1.) highlight 2.) upload in steal, er, I meant borrow...ahhhrr.. I mean stealth mode 3.) profit 4.) wow sharewholders
I can't wait to see who comes out of the woodwork to defend Amazon on this one, and what sort of faux reasoning they use to do it. I know Amazon doesn't have the fanboy base that Microsoft and Apple currently enjoy, but I think that's because they are, for the most part, "just a retailer" reselling goods they did not themselves design or produce. Most of the items they sell are things you happen to have bought from Amazon but could obtain elsewhere. The Kindle is quite the exception to that. It's a real Amazon product and service with all of the brand recognition that goes with that.

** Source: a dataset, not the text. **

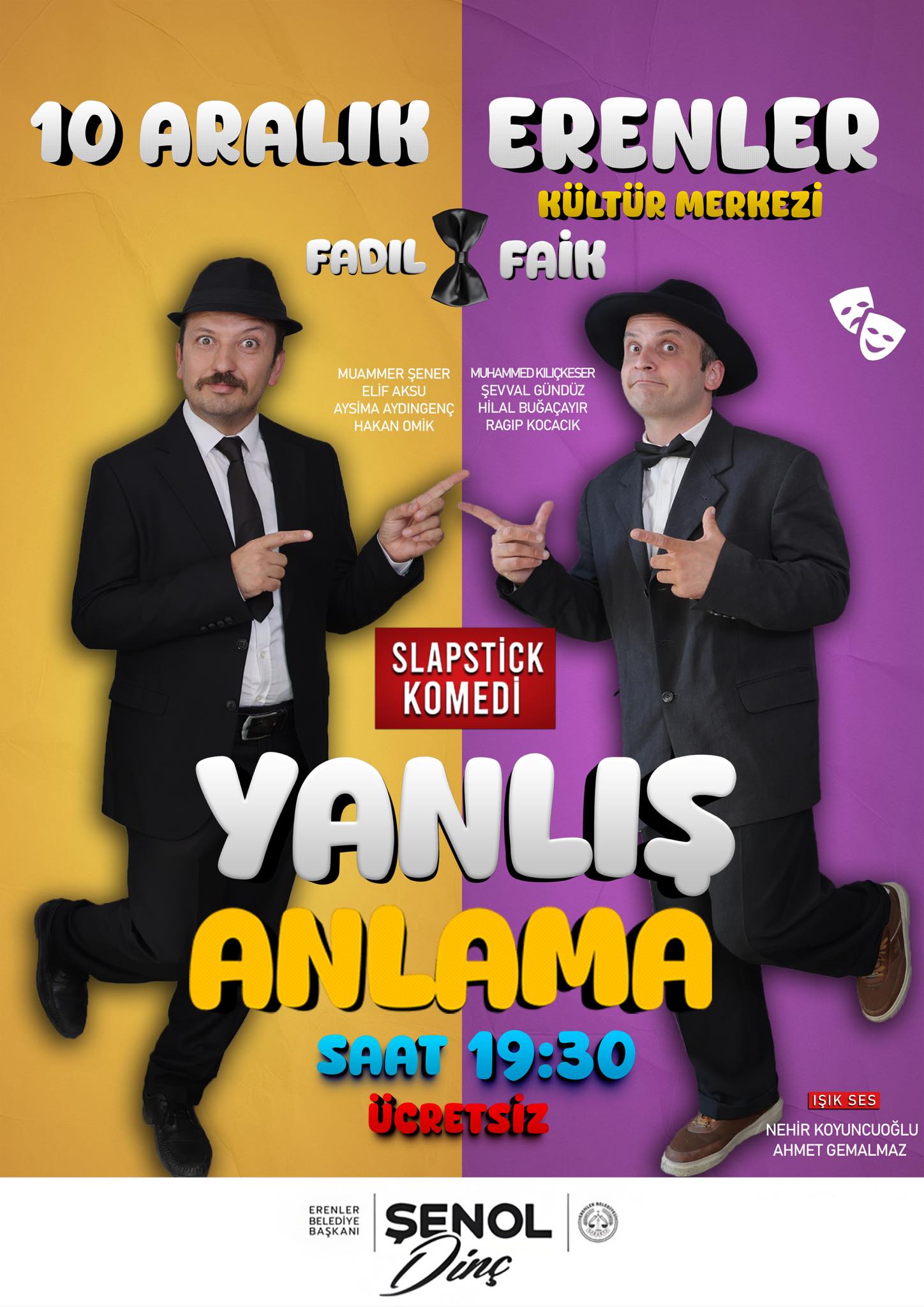 Erenler’de Kültür Ve Sanat Programlari Ti̇yatro İle Devam Edecek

I'm wondering who is going to make excuses for Amazon and advocate that we view this as a desirable or at least benign practice. That's what happens whenever there is a story about alleged or proven malfeasance by Microsoft. It's what happens whenever there is a story about excessive vendor lock-in, general control-freak practices, or arbitrary and inconsistent actions (like which apps are accepted/rejected for its App Store) by Apple. So, who will it be? Who's going to try convincing us that this is a good and desirable practice, that it's in our interests as customers, that it's not a step in the wrong direction that has a long series of steps, or that there's something wrong with seriously questioning it?
Or better yet, who will point out a EULA clause or similar document stating, "we can arbitrarily modify this agreement without notice or ability to opt-out, at any time, to allow ourselves to engage in any practice" and conclude that this completely justifies everything beyond reproach, both legally and morally/ethically?
In the interests of non-discrimination, I hereby request that those of you with fanboy inclinations, who derive your identity in part or whole by feeling a personal connection to non-human entities that don't give a damn about you except that you spend money, who cheer their successes and mourn their losses, who add your free contributions to their already multi-million dollar marketing and PR budgets, who use ad-hominem and invective against anyone who dislikes "your team", speak up and be heard. There is no reason why Amazon should not be treated equally.
It is a miracle that curiosity survives formal education. - Einstein
As a (recently) former employee (new gig) of Lab126, the people who make the Kindle, I can assure you that only highlights are used in data collection, i.e. the selection from a start location to end location. When shown as popular highlights, they are just an underlining of text for those locations, as well as the number of users who have highlighted that selection. That is it, nothing more, nothing less.
No annotations are used that people have typed. Finally, the service is optional, with the ability to opt-in and opt-out on device. I'm pretty sure this has been stated in the kindle users guide, the legal menu item in settings, and on the website.